10. La démocratie moderne ne se résume pas à un simple règne de
la majorité. C’est un système politique dans lequel la majorité
parlementaire et l’opposition partagent une responsabilité commune
pour consolider la confiance des citoyens dans le système politique
et les institutions démocratiques, assurer leur bon fonctionnement
et offrir au public un choix éclairé
.
11. La culture politique et constitutionnelle
, les principes
du pluralisme politique ainsi que la dynamique du pouvoir entre
la majorité parlementaire et l’opposition ont une incidence sur
la qualité du dialogue démocratique, l’inclusivité, la confiance
institutionnelle et la recherche du consensus.
12. La présence d’une opposition dotée de capacités et de pouvoirs
favorise le dialogue démocratique, à savoir un échange d’arguments
et de contre-arguments, où la majorité gouvernementale dispose du
pouvoir de décision finale, mais où la présence de l’opposition
rend nécessaire d’entendre l’autre partie, de s’engager dans un
processus public d’argumentation et de justifier les décisions prises.
La prise en compte de l’opposition contribue à renforcer la légitimité
et la résilience du système politique dans son ensemble, à la fois en
donnant un caractère normal au transfert démocratique du pouvoir
et en offrant un «prix de consolation» aux perdants.
13. La culture politique et constitutionnelle donne une indication
sur la mesure dans laquelle la relation entre la majorité et l’opposition
optimise la liberté de pensée et la liberté d’expression, notamment
la possibilité pour l’opposition de faire connaître son point de
vue aux citoyens et aux décideurs politiques; les possibilités qu’ont les
citoyens de participer à la vie politique ainsi que la rationalité
du débat et de la prise de décision politiques, dans le sens d’une
meilleure compréhension par les citoyens et les dirigeants des objectifs
en jeu et des moyens nécessaires
.
14. La qualité démocratique d’un parlement se mesure aux moyens
mis à la disposition de l’opposition ou de la minorité parlementaire
dans l’accomplissement de leurs tâches.

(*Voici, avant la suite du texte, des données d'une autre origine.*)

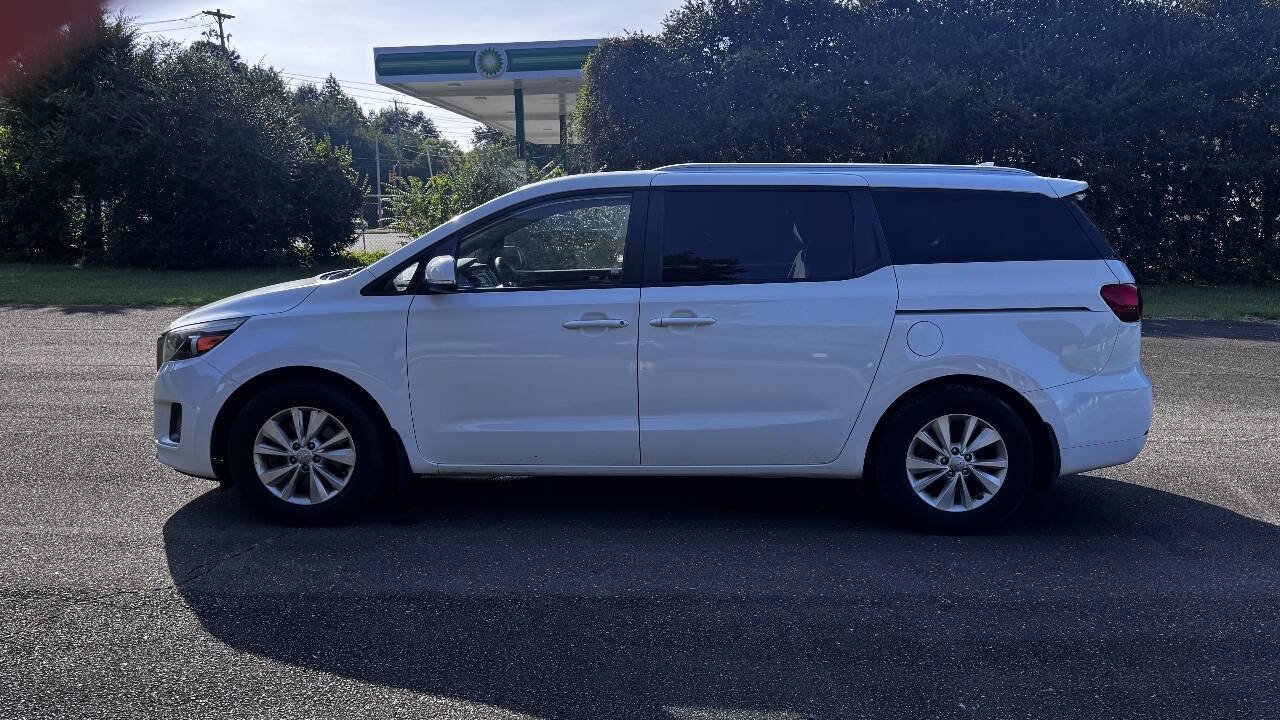 Used 2016 Kia Sedona LX w/ Option Group 020 FWD image 5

Instaurer un cadre juridique
et procédural équitable, et des conditions matérielles permettant
à la minorité parlementaire de remplir ses fonctions est une condition
au bon fonctionnement de la démocratie représentative.
3. Travaux
antérieurs de l’Assemblée
15. En l’absence de toute mention
explicite des droits et responsabilités de l’opposition dans les
principaux textes officiels du Conseil de l’Europe
, les rapports entre la majorité parlementaire
et l’opposition ont été principalement examinés, par le passé, au
niveau de l’Assemblée, à l’occasion de débats sur les institutions démocratiques.

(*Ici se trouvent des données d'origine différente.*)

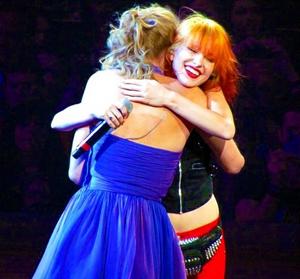 Hayley+williams+2011+september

Le premier débat annuel sur la situation des droits de l’homme et
de la démocratie en Europe, tenu par l’Assemblée en 2007, a également
été l’occasion d’évoquer les droits de l’opposition
.
16. La commission du Règlement, des immunités et des affaires
institutionnelles de l’Assemblée a organisé une audition sur le
rôle de l’opposition dans un parlement démocratique. Les conclusions
de cette audition ont donné lieu à l’élaboration d’un rapport qui
a été débattu à l’Assemblée, suivi par l’adoption, le 23 janvier
2008, de la
Résolution
1601 (2008) «Lignes directrices procédurales sur les droits et devoirs
de l’opposition dans un parlement démocratique». Plusieurs administrations
parlementaires nationales ont donné suite à ces travaux dans le
cadre du Centre européen de recherche et de documentation parlementaires
(CERDP), géré conjointement par les secrétariats du Parlement européen
et de l’Assemblée.
17. La Commission de Venise a dans l’ensemble souscrit à la
Résolution 1601 (2008), en tant qu’un instrument non contraignant et innovant
consacré à un sujet d’une grande importance pour l’élaboration de procédures
parlementaires démocratiques et a préparé un «Rapport sur le rôle
de l’opposition au sein d’un parlement démocratique (ci-après «le
Rapport de 2010»)
. Si la Commission de Venise n’avait
jusque là pas rendu d’avis général sur le rôle de l’opposition
,
elle avait cependant traité de cette question dans un rapport de
2007 consacré à un pays précis, en l’occurrence «sur le projet de
loi relatif à l’opposition parlementaire en Ukraine»
.
18. Grâce à son mécanisme de suivi des obligations et engagements
contractés par les États membres du Conseil de l’Europe, l’Assemblée
veille depuis des décennies au bon fonctionnement du dialogue politique entre
la majorité et l’opposition, à la reconnaissance du rôle institutionnel
de l’opposition et au respect des droits de l’opposition parlementaire.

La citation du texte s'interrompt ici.